Expressing the integral over boundary of a domain as an integral over the domain Let $\Omega \subset \mathbb{R}^2$ be a domain which is "well behaved" (has all "wishable" properties), so as its boundary. For every  $u \in C^\infty(\Omega,\mathbb{R})$, I would like to express the following integral
$$\int_{\partial \Omega} \frac{((Du)^\perp \cdot n)^2}{|Du|^3} dS,$$
where $dS$ is the Hausdorff measure of $\partial \Omega$ and $n$ its unit normal,  as an integral over $\Omega$ with the standard Lebesgue measure. Here, $(Du)^\perp=(\partial u/\partial x_2, - \partial u/\partial x_1)$ and $|Du|=\sqrt{(\partial u/\partial x_1)^2 + (\partial u/\partial x_2)^2 }$.
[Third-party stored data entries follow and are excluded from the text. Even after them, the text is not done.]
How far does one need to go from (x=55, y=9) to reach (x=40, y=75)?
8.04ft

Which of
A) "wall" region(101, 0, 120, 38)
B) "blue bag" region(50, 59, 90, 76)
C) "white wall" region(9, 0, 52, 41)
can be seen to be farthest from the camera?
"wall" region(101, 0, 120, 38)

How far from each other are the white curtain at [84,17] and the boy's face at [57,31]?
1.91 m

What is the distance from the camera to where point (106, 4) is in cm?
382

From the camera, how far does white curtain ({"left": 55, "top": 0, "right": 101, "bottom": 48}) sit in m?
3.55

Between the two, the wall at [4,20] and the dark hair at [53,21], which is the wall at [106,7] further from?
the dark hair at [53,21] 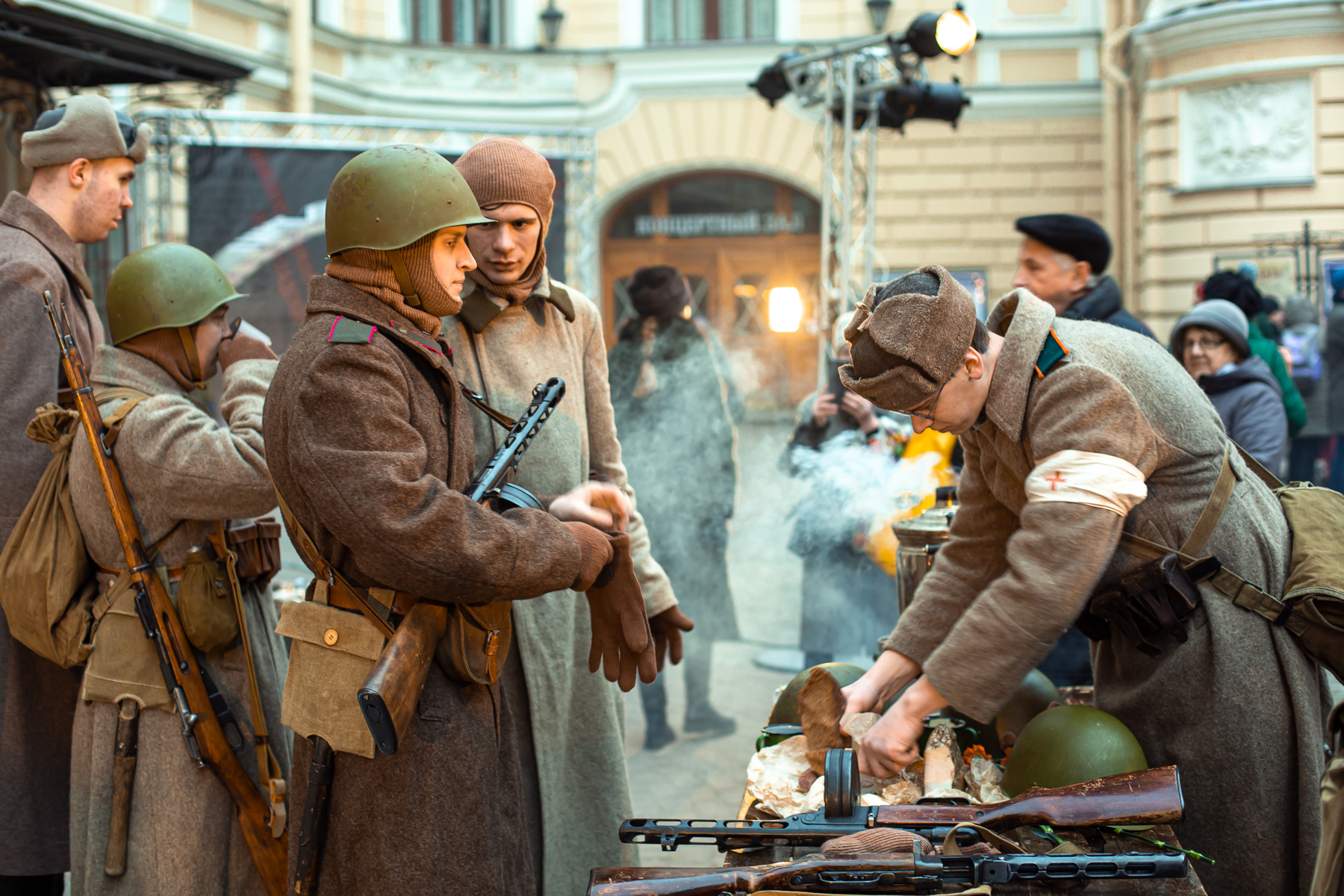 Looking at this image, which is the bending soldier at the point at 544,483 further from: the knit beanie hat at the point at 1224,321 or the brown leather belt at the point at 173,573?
the knit beanie hat at the point at 1224,321

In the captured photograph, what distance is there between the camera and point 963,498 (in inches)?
93.7

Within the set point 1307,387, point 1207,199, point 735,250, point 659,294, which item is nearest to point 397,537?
point 659,294

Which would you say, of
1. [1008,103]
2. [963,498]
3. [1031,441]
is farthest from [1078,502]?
[1008,103]

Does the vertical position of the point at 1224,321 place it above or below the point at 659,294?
below

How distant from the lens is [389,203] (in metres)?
1.97

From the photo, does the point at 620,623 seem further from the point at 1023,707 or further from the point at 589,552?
the point at 1023,707

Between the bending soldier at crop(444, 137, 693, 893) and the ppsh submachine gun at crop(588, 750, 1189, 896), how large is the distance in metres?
0.77

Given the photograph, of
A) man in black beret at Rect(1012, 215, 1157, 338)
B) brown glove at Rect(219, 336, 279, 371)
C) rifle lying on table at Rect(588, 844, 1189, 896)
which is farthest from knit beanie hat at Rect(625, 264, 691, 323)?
rifle lying on table at Rect(588, 844, 1189, 896)

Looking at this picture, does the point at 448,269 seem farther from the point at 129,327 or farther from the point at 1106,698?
the point at 1106,698

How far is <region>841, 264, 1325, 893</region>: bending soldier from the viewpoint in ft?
6.27

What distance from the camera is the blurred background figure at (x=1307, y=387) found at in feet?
26.7

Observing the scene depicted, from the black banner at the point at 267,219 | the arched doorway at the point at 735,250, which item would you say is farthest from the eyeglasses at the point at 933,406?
the arched doorway at the point at 735,250

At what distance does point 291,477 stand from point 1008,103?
14.9 m

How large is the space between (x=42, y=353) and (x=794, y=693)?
215cm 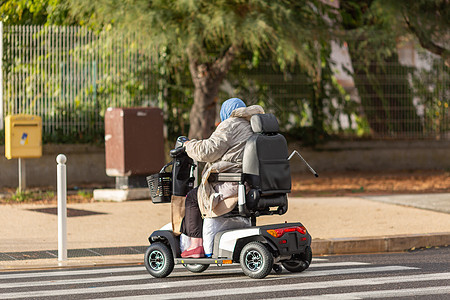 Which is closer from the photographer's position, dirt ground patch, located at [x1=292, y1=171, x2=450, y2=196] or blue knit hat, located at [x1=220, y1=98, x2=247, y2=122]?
blue knit hat, located at [x1=220, y1=98, x2=247, y2=122]

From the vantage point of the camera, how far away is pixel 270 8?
15711mm

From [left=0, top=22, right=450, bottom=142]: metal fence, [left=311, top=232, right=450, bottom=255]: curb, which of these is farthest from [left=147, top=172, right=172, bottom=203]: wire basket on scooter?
[left=0, top=22, right=450, bottom=142]: metal fence

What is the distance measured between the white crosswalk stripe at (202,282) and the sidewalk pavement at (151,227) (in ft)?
2.41

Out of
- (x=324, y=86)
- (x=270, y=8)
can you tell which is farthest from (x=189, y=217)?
(x=324, y=86)

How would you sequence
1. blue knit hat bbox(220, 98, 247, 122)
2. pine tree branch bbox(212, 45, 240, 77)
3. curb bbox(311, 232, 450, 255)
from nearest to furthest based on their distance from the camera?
blue knit hat bbox(220, 98, 247, 122) < curb bbox(311, 232, 450, 255) < pine tree branch bbox(212, 45, 240, 77)

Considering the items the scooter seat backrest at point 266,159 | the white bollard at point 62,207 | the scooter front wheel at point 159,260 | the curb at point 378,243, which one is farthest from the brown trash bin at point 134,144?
the scooter seat backrest at point 266,159

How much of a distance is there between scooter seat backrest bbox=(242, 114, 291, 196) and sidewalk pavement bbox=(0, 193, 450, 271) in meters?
2.14

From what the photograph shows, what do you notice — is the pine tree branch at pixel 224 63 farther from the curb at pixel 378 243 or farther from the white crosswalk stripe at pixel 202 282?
the white crosswalk stripe at pixel 202 282

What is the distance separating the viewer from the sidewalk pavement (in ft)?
31.8

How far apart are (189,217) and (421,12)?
1098 cm

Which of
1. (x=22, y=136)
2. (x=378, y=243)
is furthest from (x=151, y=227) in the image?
(x=22, y=136)

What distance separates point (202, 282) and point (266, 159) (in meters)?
1.27

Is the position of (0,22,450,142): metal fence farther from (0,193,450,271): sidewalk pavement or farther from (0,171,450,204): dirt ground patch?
(0,193,450,271): sidewalk pavement

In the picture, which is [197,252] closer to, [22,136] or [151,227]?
[151,227] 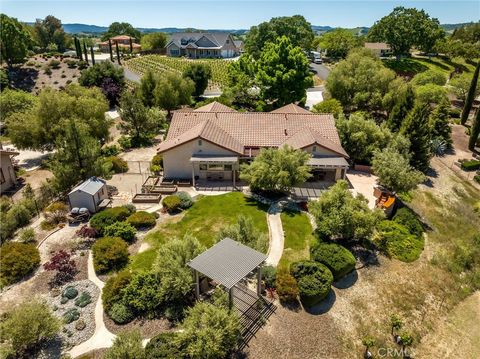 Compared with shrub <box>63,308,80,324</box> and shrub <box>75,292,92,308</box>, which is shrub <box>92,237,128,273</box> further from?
shrub <box>63,308,80,324</box>

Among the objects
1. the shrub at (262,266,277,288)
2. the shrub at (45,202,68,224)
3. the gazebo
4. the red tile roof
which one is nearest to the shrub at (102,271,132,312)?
the gazebo

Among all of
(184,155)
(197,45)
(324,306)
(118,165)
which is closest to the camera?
(324,306)

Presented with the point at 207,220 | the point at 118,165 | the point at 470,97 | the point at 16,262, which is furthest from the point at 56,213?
the point at 470,97

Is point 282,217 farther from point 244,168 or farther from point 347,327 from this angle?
point 347,327

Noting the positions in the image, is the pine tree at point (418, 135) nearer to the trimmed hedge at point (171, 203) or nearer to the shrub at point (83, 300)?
the trimmed hedge at point (171, 203)

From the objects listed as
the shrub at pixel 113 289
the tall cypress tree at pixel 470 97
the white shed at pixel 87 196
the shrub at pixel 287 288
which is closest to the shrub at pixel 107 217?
the white shed at pixel 87 196

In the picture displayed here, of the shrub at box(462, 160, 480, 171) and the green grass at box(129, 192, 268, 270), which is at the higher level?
the shrub at box(462, 160, 480, 171)

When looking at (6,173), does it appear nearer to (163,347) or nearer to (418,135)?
(163,347)

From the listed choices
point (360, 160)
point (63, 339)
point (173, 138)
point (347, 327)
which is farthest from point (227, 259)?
point (360, 160) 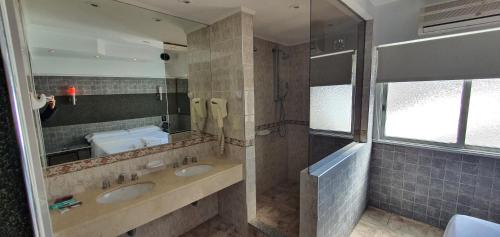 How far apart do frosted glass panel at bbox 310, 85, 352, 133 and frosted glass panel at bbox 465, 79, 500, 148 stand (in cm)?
113

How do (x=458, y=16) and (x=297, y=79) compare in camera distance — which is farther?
(x=297, y=79)

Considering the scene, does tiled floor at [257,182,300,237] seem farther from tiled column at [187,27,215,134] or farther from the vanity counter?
tiled column at [187,27,215,134]

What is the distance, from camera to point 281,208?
106 inches

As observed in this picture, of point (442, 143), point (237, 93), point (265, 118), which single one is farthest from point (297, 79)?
point (442, 143)

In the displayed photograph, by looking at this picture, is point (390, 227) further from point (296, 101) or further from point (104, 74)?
point (104, 74)

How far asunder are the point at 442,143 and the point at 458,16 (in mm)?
1283

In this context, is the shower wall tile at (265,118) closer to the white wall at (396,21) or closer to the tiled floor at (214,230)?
the tiled floor at (214,230)

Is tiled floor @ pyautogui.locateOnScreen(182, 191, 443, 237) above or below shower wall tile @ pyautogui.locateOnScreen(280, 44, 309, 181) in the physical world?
below

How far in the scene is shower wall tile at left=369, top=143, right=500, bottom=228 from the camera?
2.04m

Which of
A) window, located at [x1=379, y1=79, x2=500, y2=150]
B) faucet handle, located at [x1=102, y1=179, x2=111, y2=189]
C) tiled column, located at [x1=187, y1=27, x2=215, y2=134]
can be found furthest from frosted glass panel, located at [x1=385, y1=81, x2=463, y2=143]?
faucet handle, located at [x1=102, y1=179, x2=111, y2=189]

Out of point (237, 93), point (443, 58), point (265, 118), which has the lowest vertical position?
point (265, 118)

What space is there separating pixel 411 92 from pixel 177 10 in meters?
2.72

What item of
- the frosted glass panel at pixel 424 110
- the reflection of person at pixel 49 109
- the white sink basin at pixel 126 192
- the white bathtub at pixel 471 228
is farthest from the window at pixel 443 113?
the reflection of person at pixel 49 109

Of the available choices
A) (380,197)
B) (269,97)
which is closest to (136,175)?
(269,97) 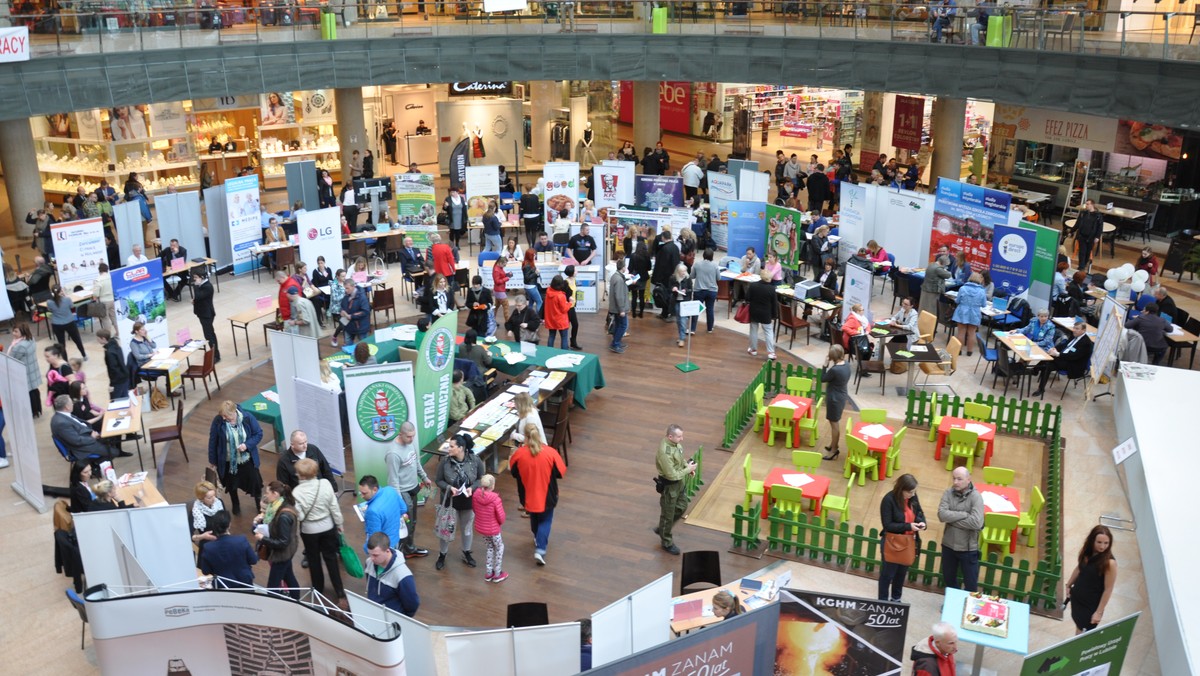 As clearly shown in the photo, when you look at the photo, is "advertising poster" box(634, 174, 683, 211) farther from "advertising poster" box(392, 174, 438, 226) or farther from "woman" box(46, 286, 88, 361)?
"woman" box(46, 286, 88, 361)

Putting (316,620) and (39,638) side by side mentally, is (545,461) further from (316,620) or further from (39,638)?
(39,638)

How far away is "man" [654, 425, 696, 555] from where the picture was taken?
11.3 meters

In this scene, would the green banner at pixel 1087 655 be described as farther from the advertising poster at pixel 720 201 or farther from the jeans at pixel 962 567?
the advertising poster at pixel 720 201

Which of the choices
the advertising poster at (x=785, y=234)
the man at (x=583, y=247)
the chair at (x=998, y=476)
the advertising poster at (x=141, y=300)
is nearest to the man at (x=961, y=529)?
the chair at (x=998, y=476)

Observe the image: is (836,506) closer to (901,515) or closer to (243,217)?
(901,515)

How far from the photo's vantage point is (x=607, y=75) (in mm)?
26250

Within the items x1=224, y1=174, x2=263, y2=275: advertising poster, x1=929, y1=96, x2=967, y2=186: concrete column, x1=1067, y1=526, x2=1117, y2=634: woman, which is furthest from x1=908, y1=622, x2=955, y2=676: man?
x1=929, y1=96, x2=967, y2=186: concrete column

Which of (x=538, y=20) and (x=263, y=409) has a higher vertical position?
(x=538, y=20)

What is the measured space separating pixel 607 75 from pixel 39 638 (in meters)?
19.4

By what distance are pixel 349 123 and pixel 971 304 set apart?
56.5ft

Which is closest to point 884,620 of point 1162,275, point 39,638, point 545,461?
point 545,461

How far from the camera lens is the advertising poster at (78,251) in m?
18.3

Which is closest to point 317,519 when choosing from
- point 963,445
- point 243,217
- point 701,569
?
point 701,569

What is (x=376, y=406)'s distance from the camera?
476 inches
The presence of the normal might indicate that the divergence theorem could be of use, but the fact that the term is quadratic makes it hard to handle. Any ideas are appreciated!
 A: $\newcommand{\Om}{\Omega}$Let
\begin{equation*}
    I_u(\Om):=\int_{\partial\Om} \frac{((Du)^\perp\cdot n)^2}{|Du|^3}\,dS. 
\end{equation*}
Then
\begin{equation*}
    I_u(\Om)=\int_\Om \frac{I_u(\Om)}{|\Om|}\,dz 
\end{equation*}
if $|\Om|:=\int_\Om dz>0$.
This trivial representation of $I_u(\Om)$ as "an integral over $\Omega$ with the standard Lebesgue measure" is probably not what you had in mind when asking your question.
Apparently, you wanted the integrand to not depend on $\Om$ and you wanted the integral representation of $I_u(\Om)$ to hold for all nice enough domains $\Om$. So then, what you wanted seems to be a formula of the form
\begin{equation*}
    I_u(\Om)=\int_\Om F(u)(z)\,dz \tag{1}\label{1}
\end{equation*}
for some operator $F$ acting on nice enough functions $u$ and for all nice enough domains $\Om$.
However, such a representation of $F$ would be additive in the sense that, if $|\Om_1\cap\Om_2|=0$ for some nice enough domains $\Om_1$ and $\Om_2$, then $I_u(\Om_1\cup\Om_2)=I_u(\Om_1)+I_u(\Om_2)$. But this is false for "almost all" nice functions $u$ and, say, $\Om_1=[0,1]\times[0,1]$ and $\Om_1=[1,2]\times[0,1]$ -- because in general the integrand $\frac{((Du)^\perp\cdot n)^2}{|Du|^3}$ is $>0$ almost everywhere on $\{1\}\times[0,1]$.
So, a representation of the form \eqref{1} is impossible.